# Strange looking cargo ships



## fishjay (Jun 11, 2008)

When browsing the photos in the cargo ship gallery I found these strange looking cargo ships. They have what appears to be a full hull with a very narrow upper deck. This combination makes for a very strange looking vessel. Could someone explain the origins and reasoning behind this design to me?

Fishjay


----------



## joebuckham (Apr 1, 2005)

*strange ships*

hi fishjay

from your description they are probably turret ships and they were built to avoid dues on ships


----------



## BillH (Oct 10, 2007)

fishjay said:


> When browsing the photos in the cargo ship gallery I found these strange looking cargo ships. They have what appears to be a full hull with a very narrow upper deck. This combination makes for a very strange looking vessel.

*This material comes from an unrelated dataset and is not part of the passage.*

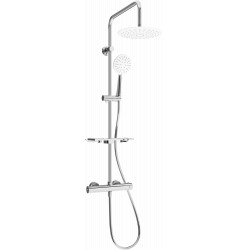 Mexen KT67  Set de  dus  montat pe perete cu cap de  dus  cu efect de ploaie si  baterie termostatica  ,  chrom/alb - 771506793-00 Baterie de dus 467680 Mexen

Could someone explain the origins and reasoning behind this design to me?
> 
> Fishjay


Sounds like the Doxford Turret ships developed and constructed by Wm Doxford and Sons Sunderland, late 19th - early 20 century.
There was a booklet published by the World Ship Society some years ago about their development and careers.

The book was called "The Doxford Turret Ships" by Leonard Gray and John Lingwood (the latter being the author of the SD14 book) and was published in 1975 - ISBN 0 9500044 6 4


----------